MATERIAL PROVIDED =
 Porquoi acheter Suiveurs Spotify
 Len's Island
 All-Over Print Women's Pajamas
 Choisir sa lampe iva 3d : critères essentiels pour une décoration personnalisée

--

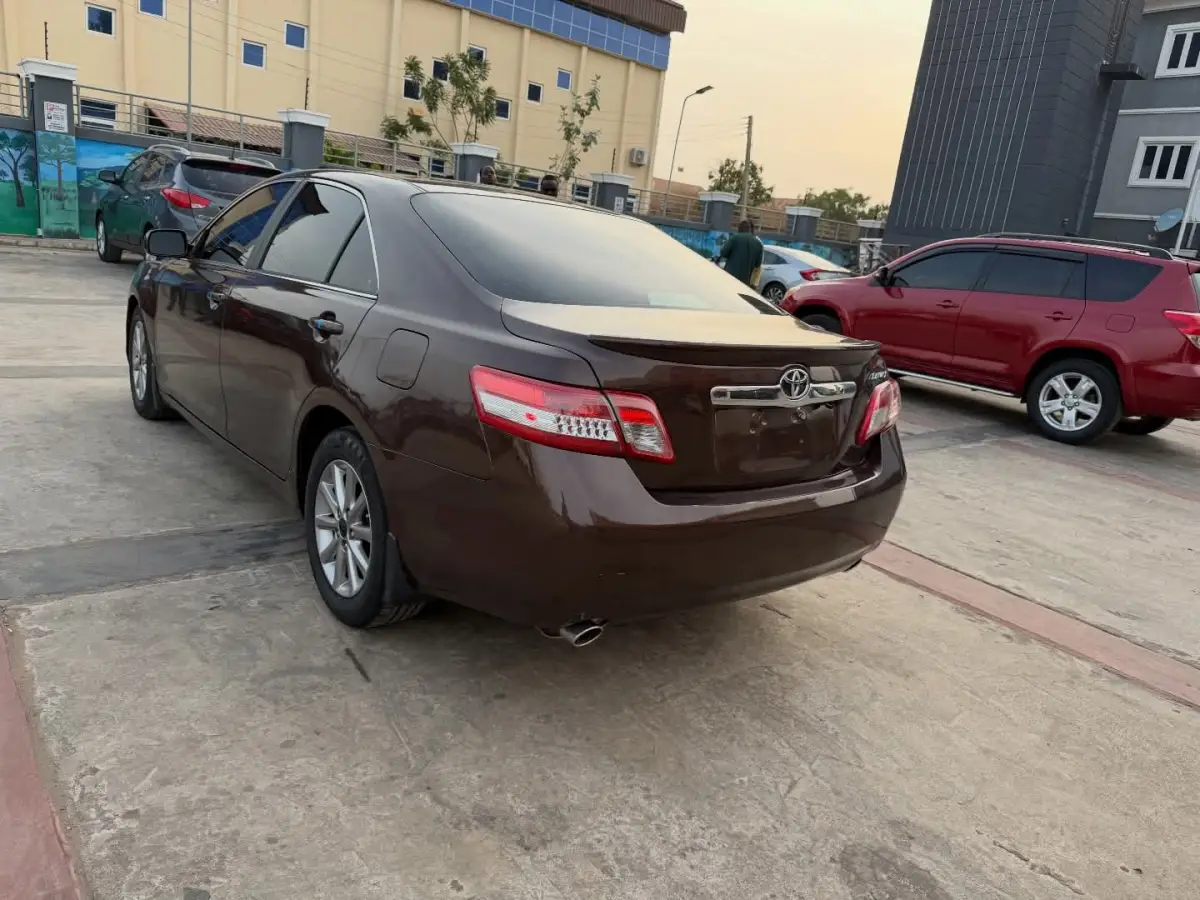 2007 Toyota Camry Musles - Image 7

...

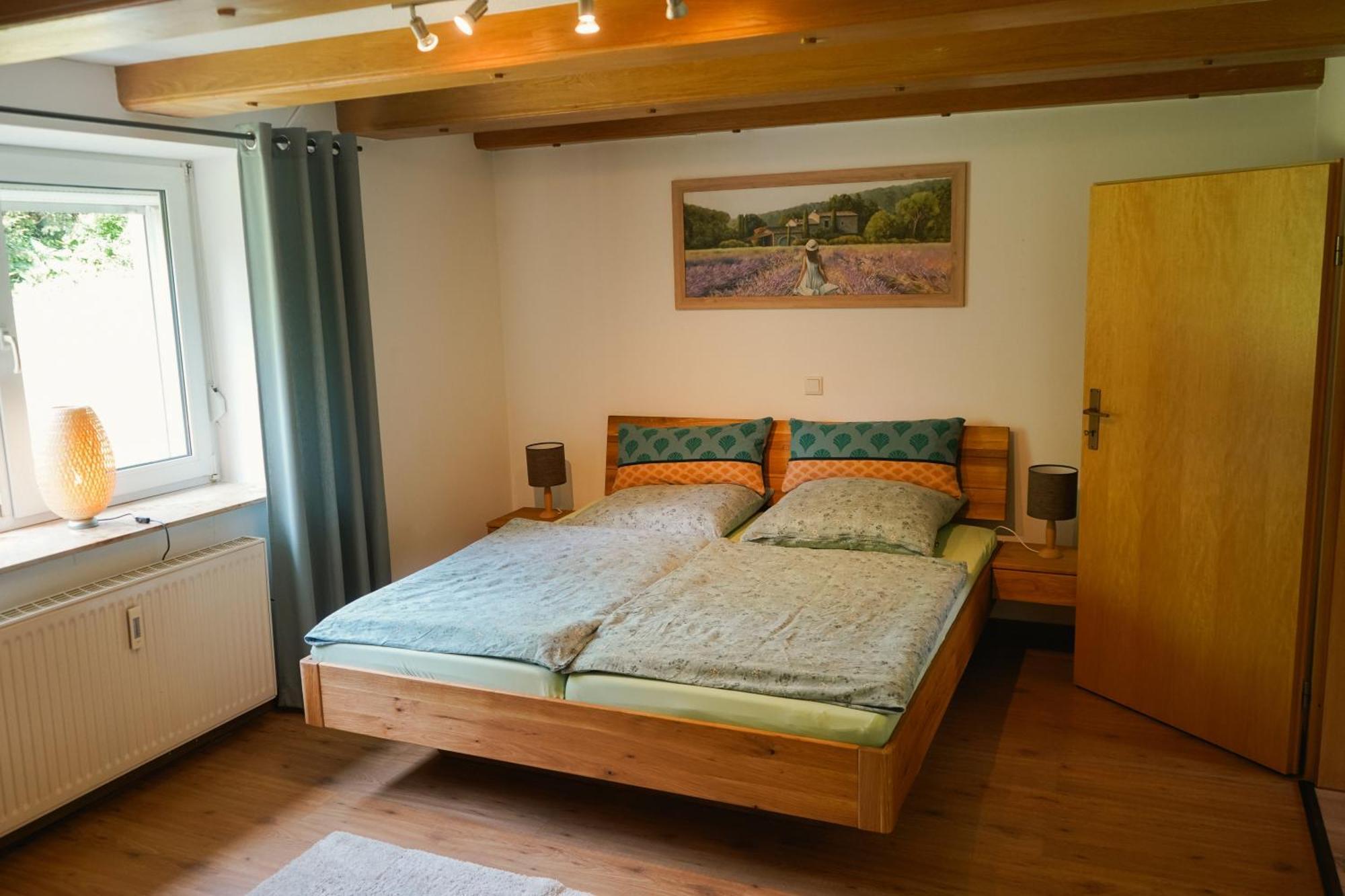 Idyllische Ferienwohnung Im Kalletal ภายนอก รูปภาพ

WHAT TO PRODUCE =
In the listing above, the lines from the one containing "Porquoi acheter Suiveurs Spotify" through the one containing "Choisir sa lampe" must be set down exactly, with no other lines.

RESPONSE AREA =
 Porquoi acheter Suiveurs Spotify
 Len's Island
 All-Over Print Women's Pajamas
 Choisir sa lampe iva 3d : critères essentiels pour une décoration personnalisée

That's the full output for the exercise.